━━ Given data

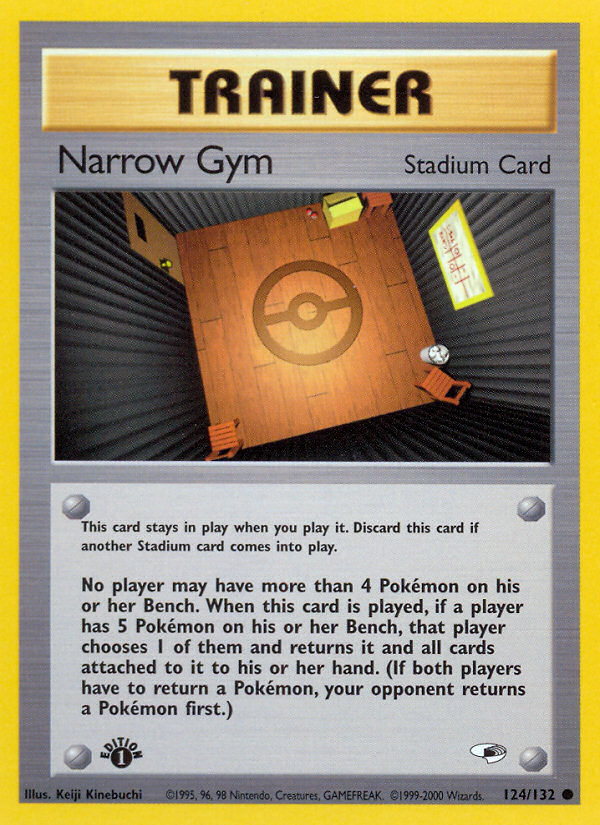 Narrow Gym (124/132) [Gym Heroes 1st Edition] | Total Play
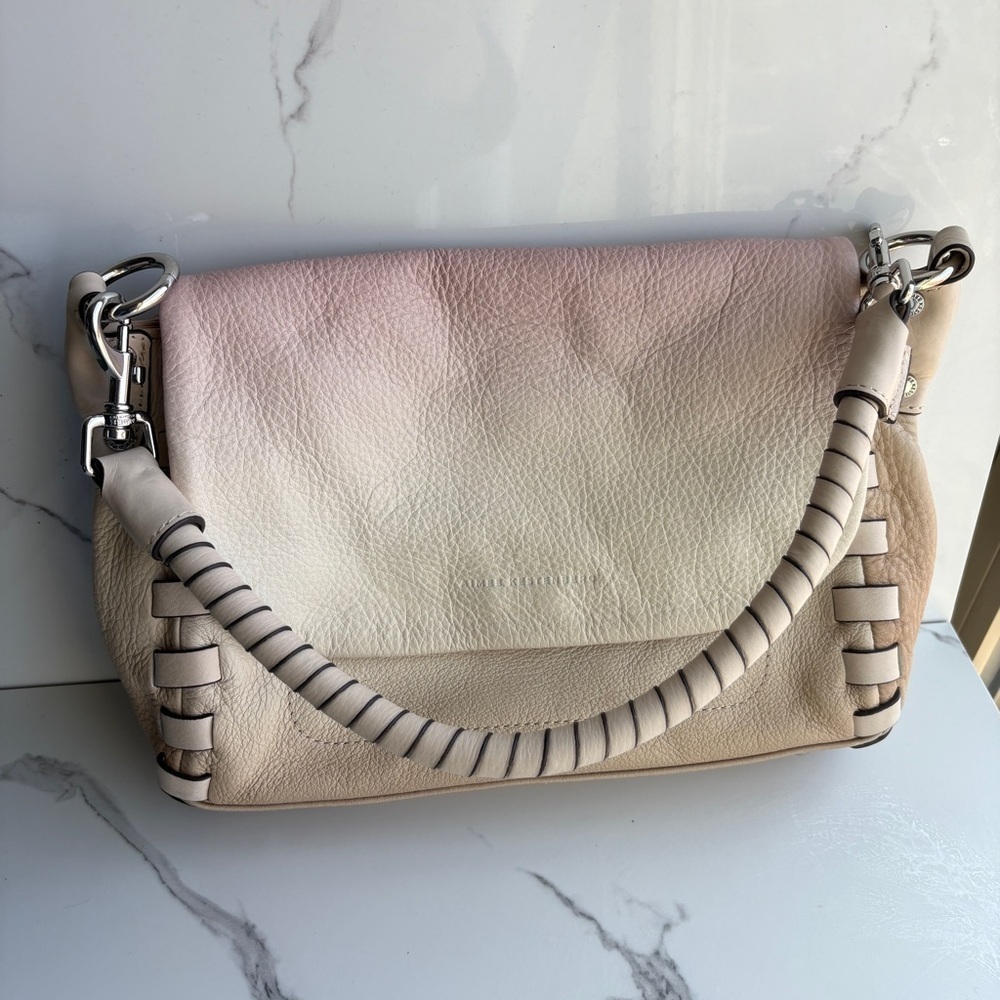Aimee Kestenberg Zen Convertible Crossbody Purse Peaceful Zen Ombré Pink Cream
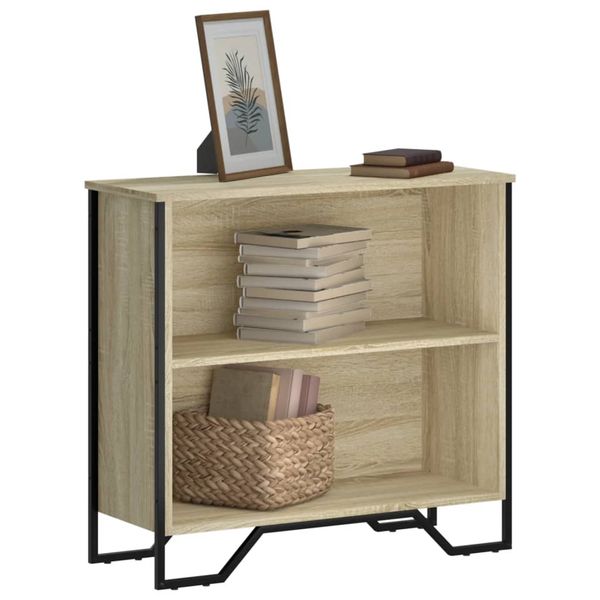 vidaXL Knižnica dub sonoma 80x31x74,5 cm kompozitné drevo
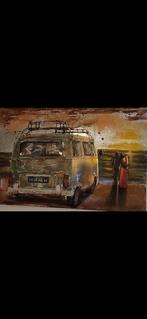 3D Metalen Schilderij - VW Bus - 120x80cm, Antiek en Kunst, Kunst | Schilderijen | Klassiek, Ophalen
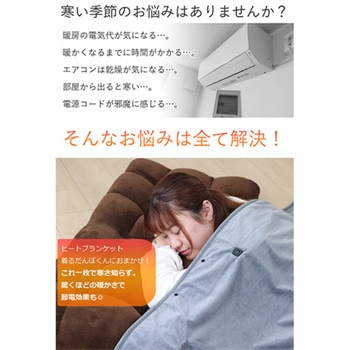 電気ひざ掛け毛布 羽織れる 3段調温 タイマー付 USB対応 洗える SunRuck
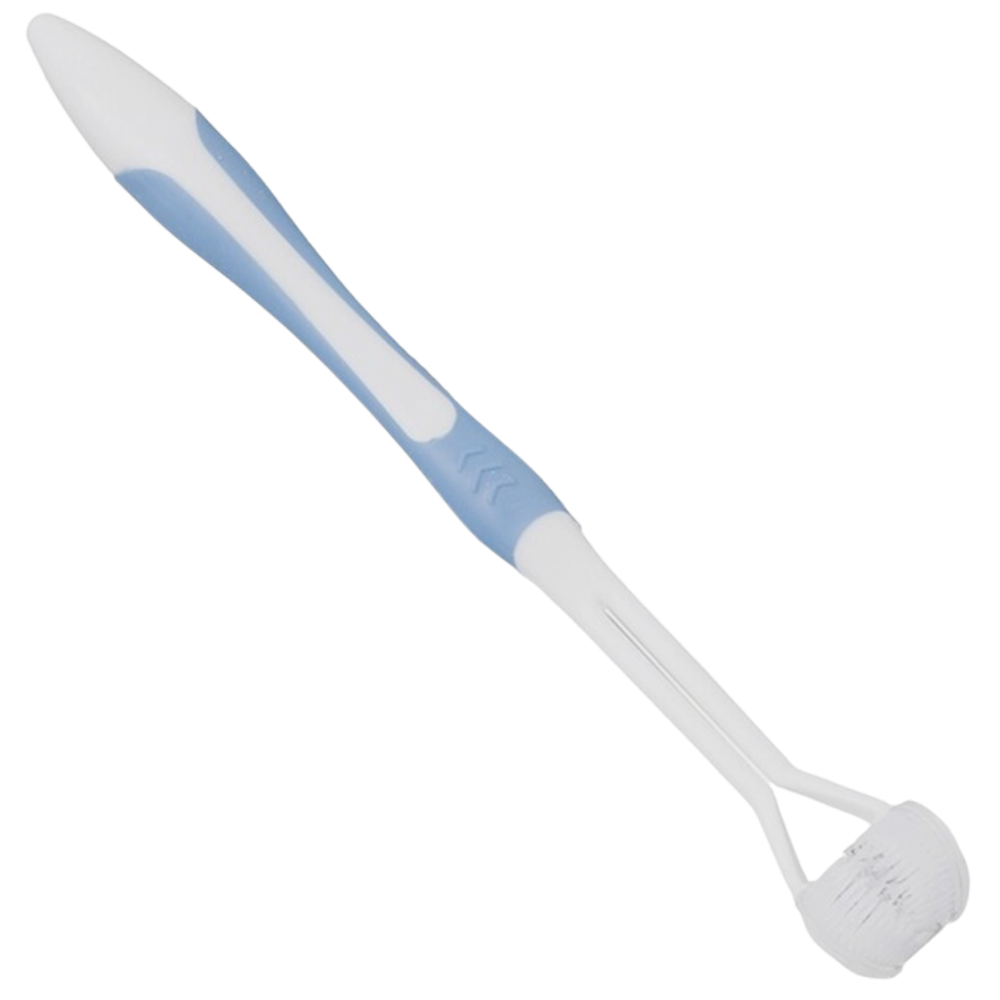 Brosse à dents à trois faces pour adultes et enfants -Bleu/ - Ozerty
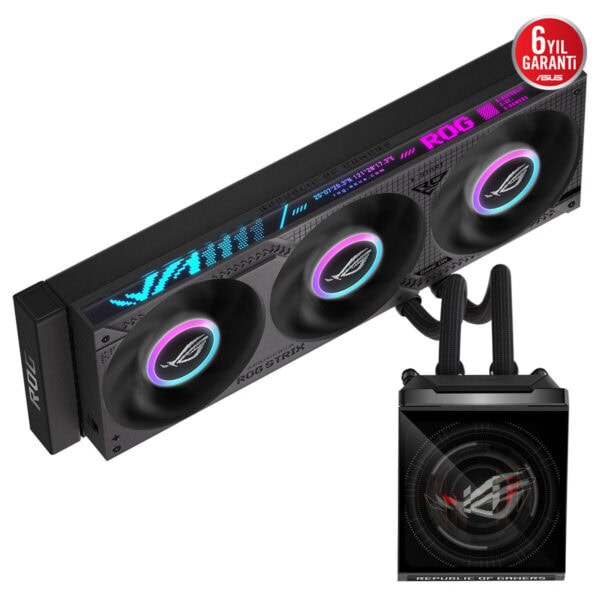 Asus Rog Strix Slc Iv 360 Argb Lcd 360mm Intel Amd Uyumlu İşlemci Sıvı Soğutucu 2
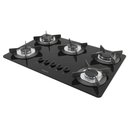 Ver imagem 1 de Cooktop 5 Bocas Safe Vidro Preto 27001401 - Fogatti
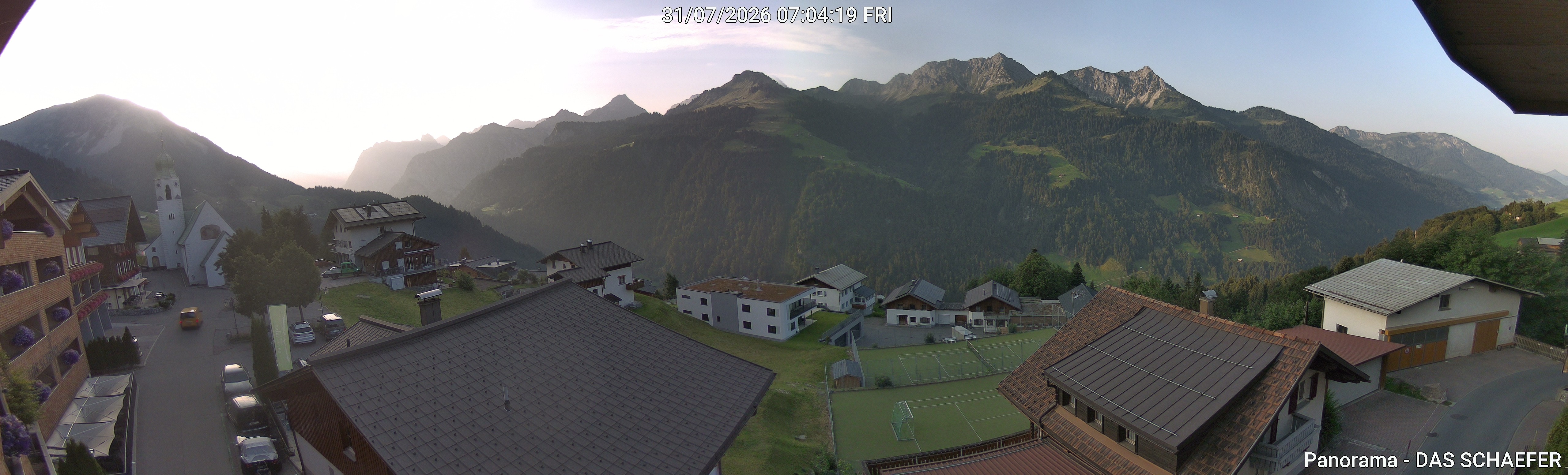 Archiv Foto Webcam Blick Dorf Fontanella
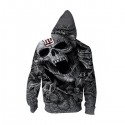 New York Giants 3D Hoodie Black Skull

━━━━

▸ What needs to be done
Exactly as written, copy the entries above without their pictures.

▸ Written response
 Narrow Gym (124/132) [Gym Heroes 1st Edition] | Total Play
Aimee Kestenberg Zen Convertible Crossbody Purse Peaceful Zen Ombré Pink Cream
 vidaXL Knižnica dub sonoma 80x31x74,5 cm kompozitné drevo
 3D Metalen Schilderij - VW Bus - 120x80cm, Antiek en Kunst, Kunst | Schilderijen | Klassiek, Ophalen
 電気ひざ掛け毛布 羽織れる 3段調温 タイマー付 USB対応 洗える SunRuck
 Brosse à dents à trois faces pour adultes et enfants -Bleu/ - Ozerty
 Asus Rog Strix Slc Iv 360 Argb Lcd 360mm Intel Amd Uyumlu İşlemci Sıvı Soğutucu 2
 Ver imagem 1 de Cooktop 5 Bocas Safe Vidro Preto 27001401 - Fogatti
 Archiv Foto Webcam Blick Dorf Fontanella
 New York Giants 3D Hoodie Black Skull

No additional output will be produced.